# [WHAT IS REQUIRED]
All of the records below are to be printed exactly; the pictures are to be left out.
[RECORDS FOR THIS TASK Boundary: Start]
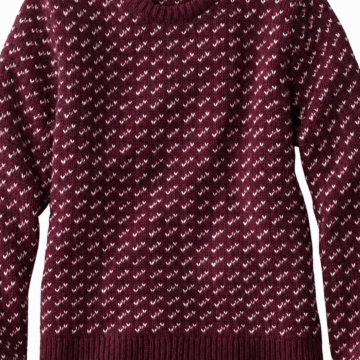 Burgundy Geometric Chevron Pattern Crew Neck Sweater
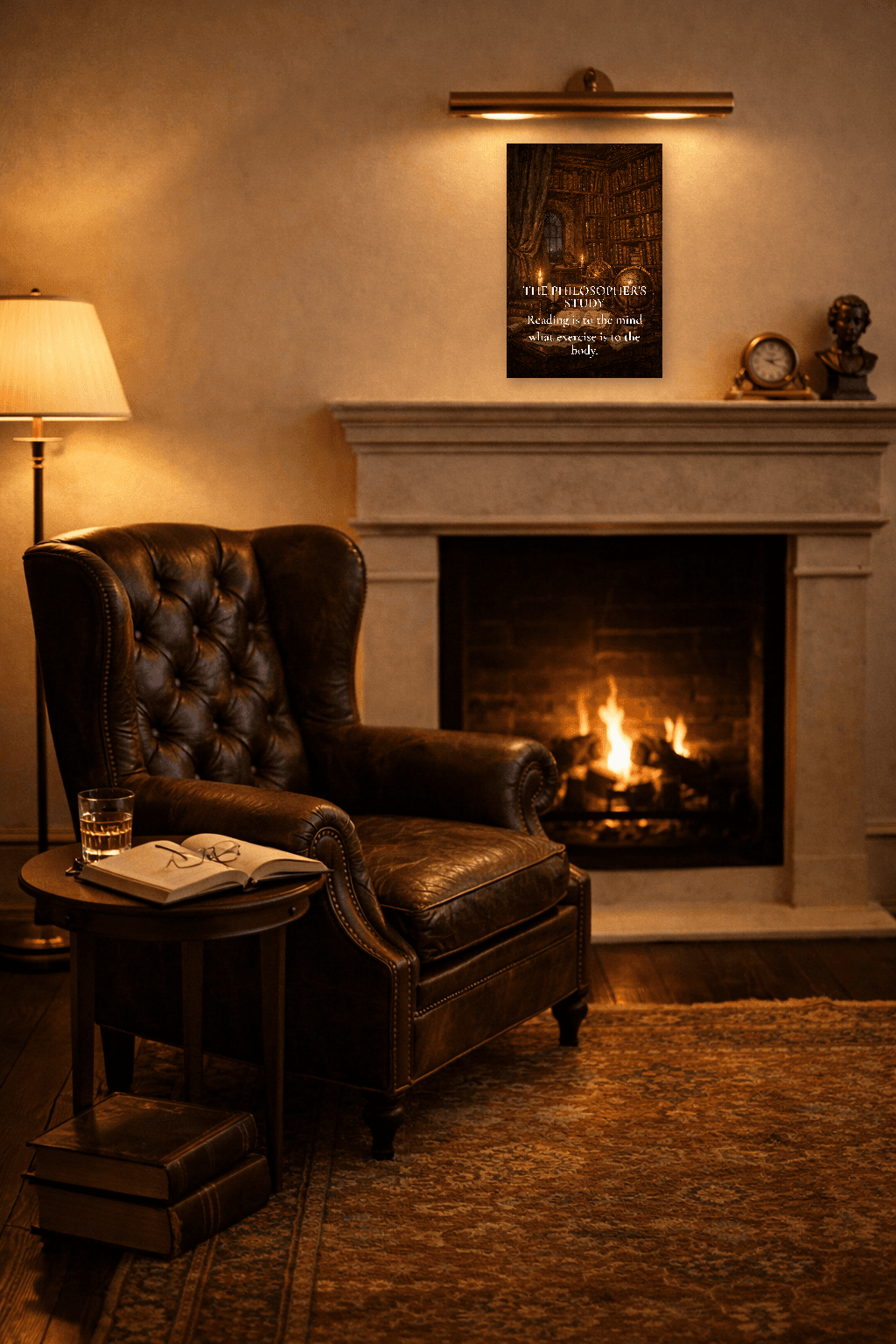Štúdia filozofa - Wall Art v temnej akadémii - Stoické Wall Art - Room Scene 2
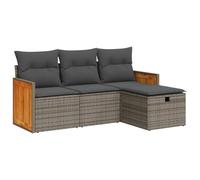 Owoxanthellate Lot de 4 meubles de jardin en polyrotin gris, 55 x 62 x 69 cm, avec accoudoirs, espace de rangement et coussins résistants aux intempéries, pour terrasse, balcon et jardin d'hiver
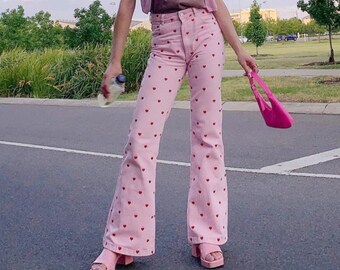 Y2K Pink Heart Flare Pants , High Waist Vintage Trousers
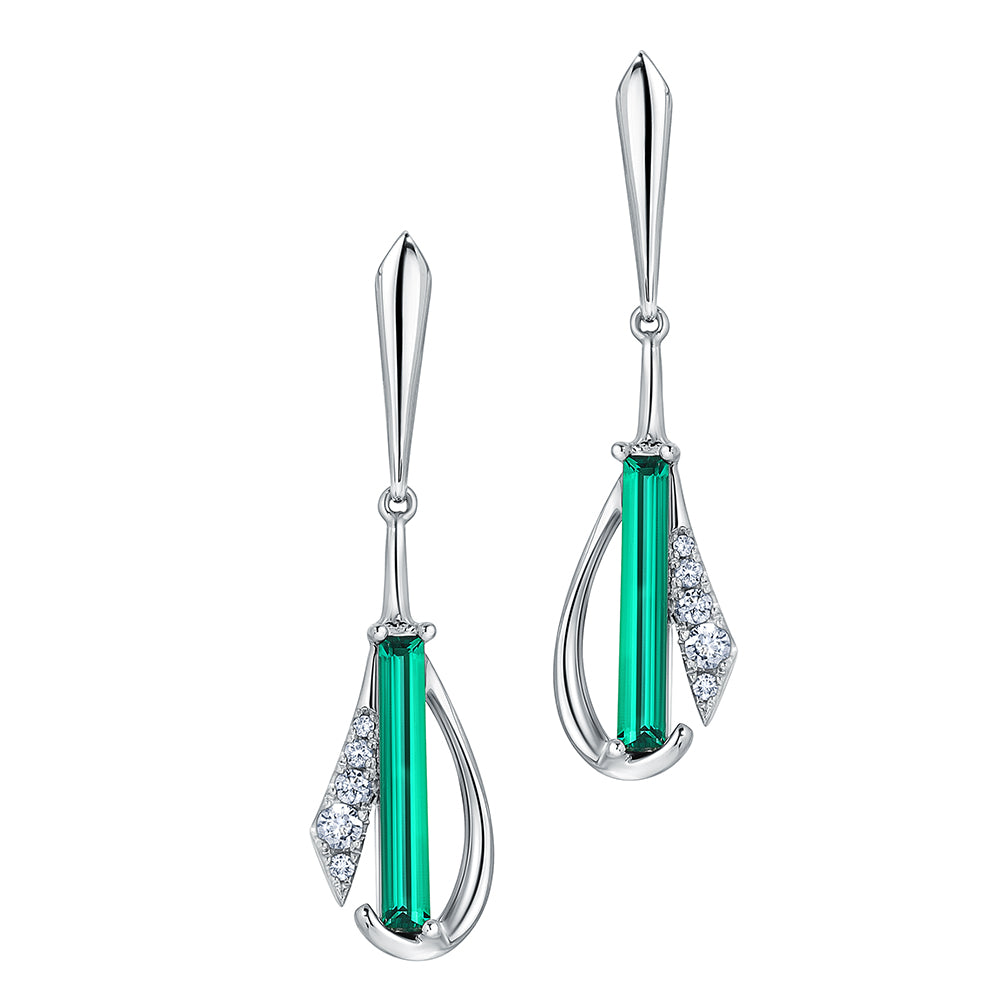Chatham lab-grown emerald earrings, style CE4922WEM
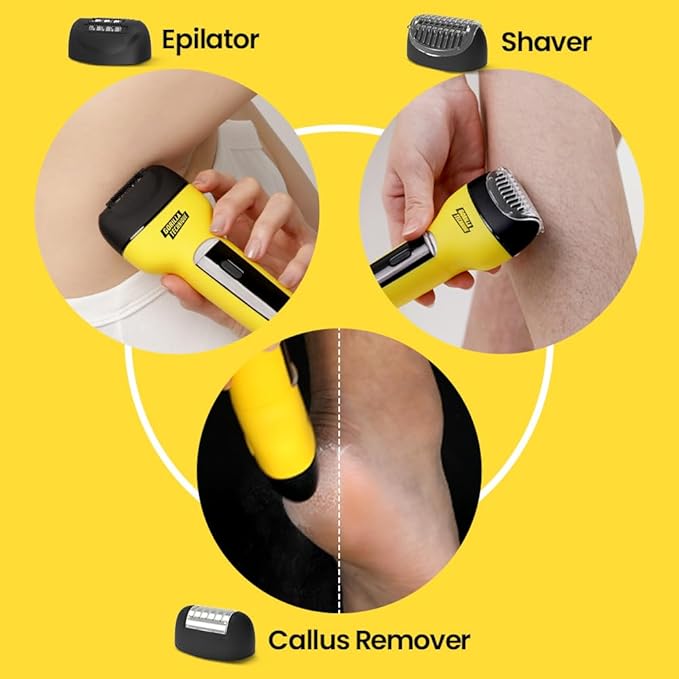 Gorilla Technique 3-in-1 Epilator 2000V, Body Hair Removal Device, Pain Relief Roller, Cordless Rechargeable Electric Tweezers & Shaver & Callus Remover, Women & Men, Korean Skin Care - 2000V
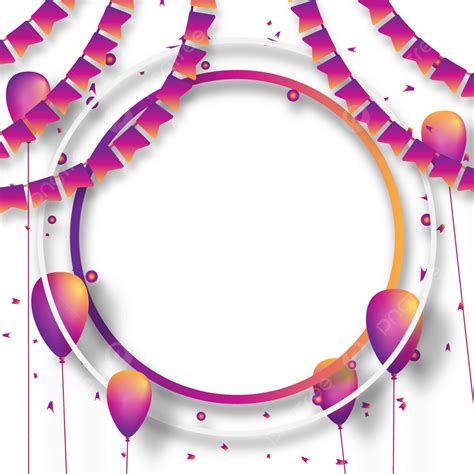 Gambar Lingkaran Bingkai Perayaan Dengan Pita Confetti Bingkai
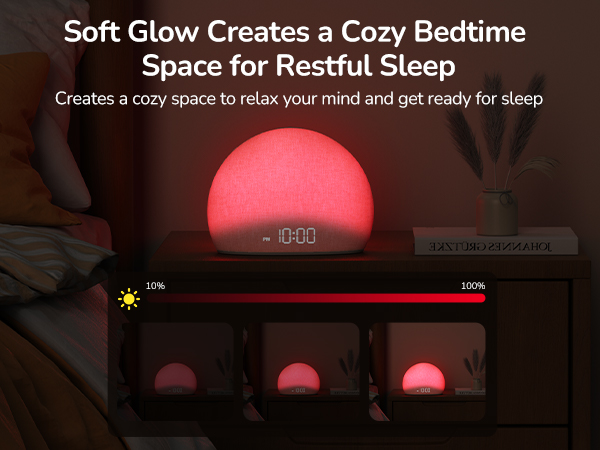 Soft glow creates a cozy bedtime space for restful sleep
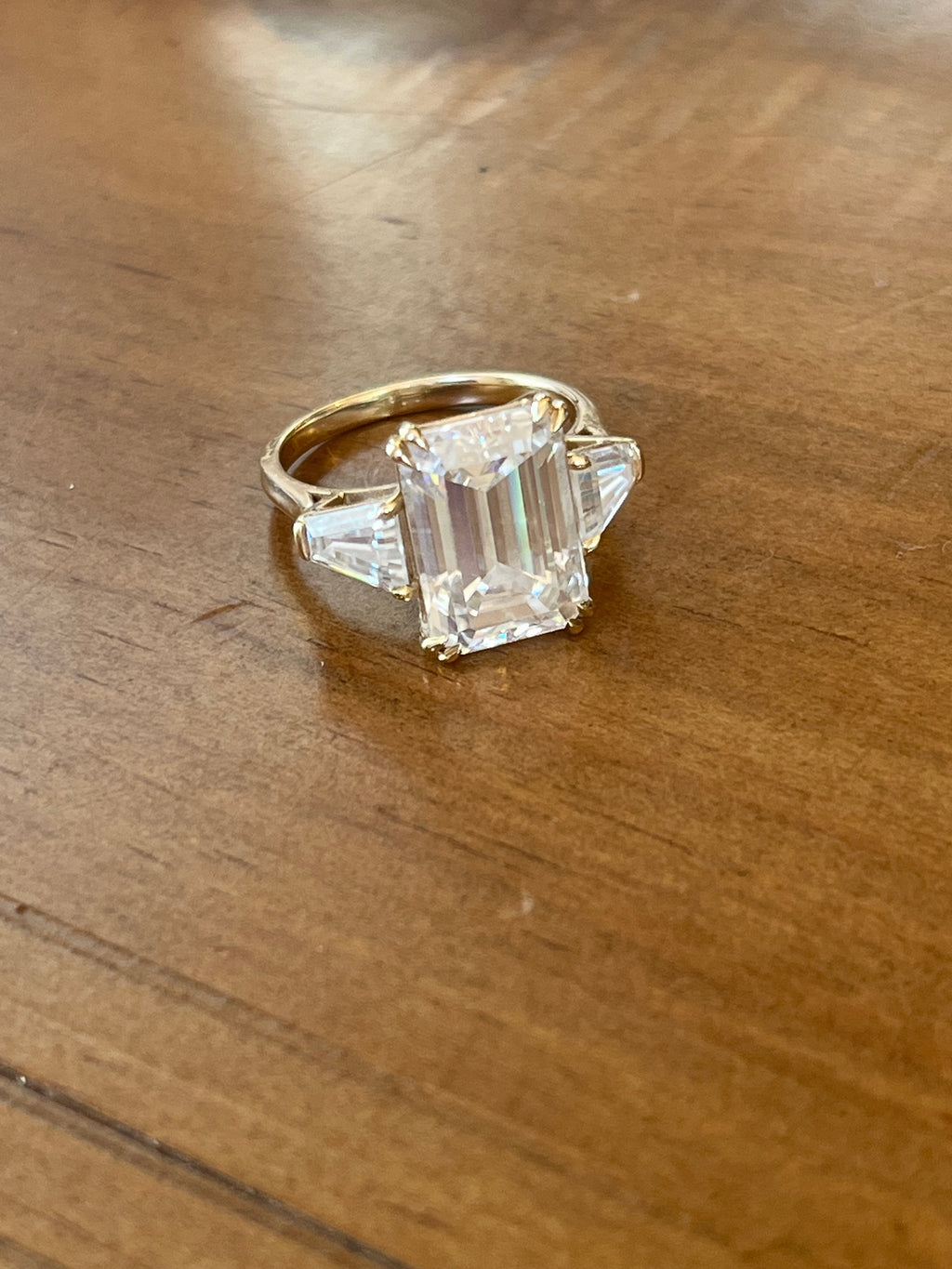 8 carat emerald cut engagement ring, 14k gold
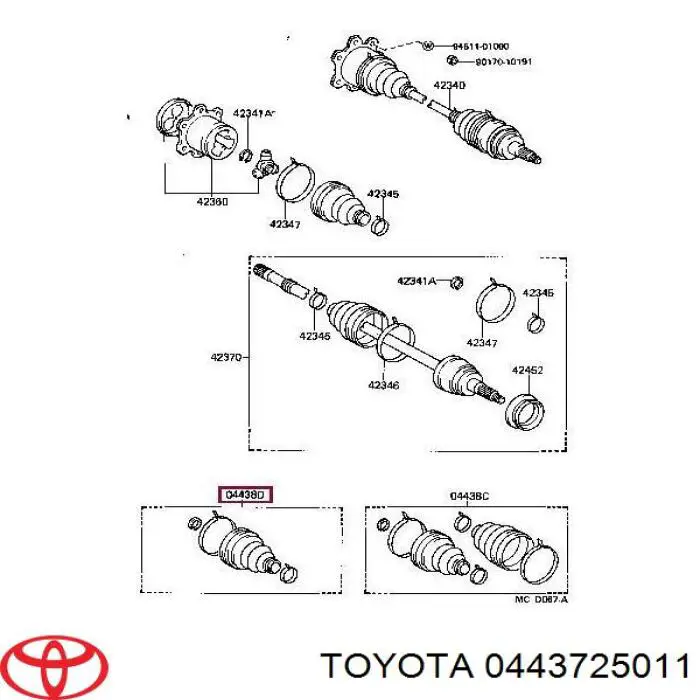 Пильник ШРУСа внутрішній, передній піввісі 0443725011 Toyota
[RECORDS FOR THIS TASK Boundary: End]
# [TASK RESULT]
 Burgundy Geometric Chevron Pattern Crew Neck Sweater
Štúdia filozofa - Wall Art v temnej akadémii - Stoické Wall Art - Room Scene 2
 Owoxanthellate Lot de 4 meubles de jardin en polyrotin gris, 55 x 62 x 69 cm, avec accoudoirs, espace de rangement et coussins résistants aux intempéries, pour terrasse, balcon et jardin d'hiver
 Y2K Pink Heart Flare Pants , High Waist Vintage Trousers
Chatham lab-grown emerald earrings, style CE4922WEM
 Gorilla Technique 3-in-1 Epilator 2000V, Body Hair Removal Device, Pain Relief Roller, Cordless Rechargeable Electric Tweezers & Shaver & Callus Remover, Women & Men, Korean Skin Care - 2000V
 Gambar Lingkaran Bingkai Perayaan Dengan Pita Confetti Bingkai
 Soft glow creates a cozy bedtime space for restful sleep
 8 carat emerald cut engagement ring, 14k gold
 Пильник ШРУСа внутрішній, передній піввісі 0443725011 Toyota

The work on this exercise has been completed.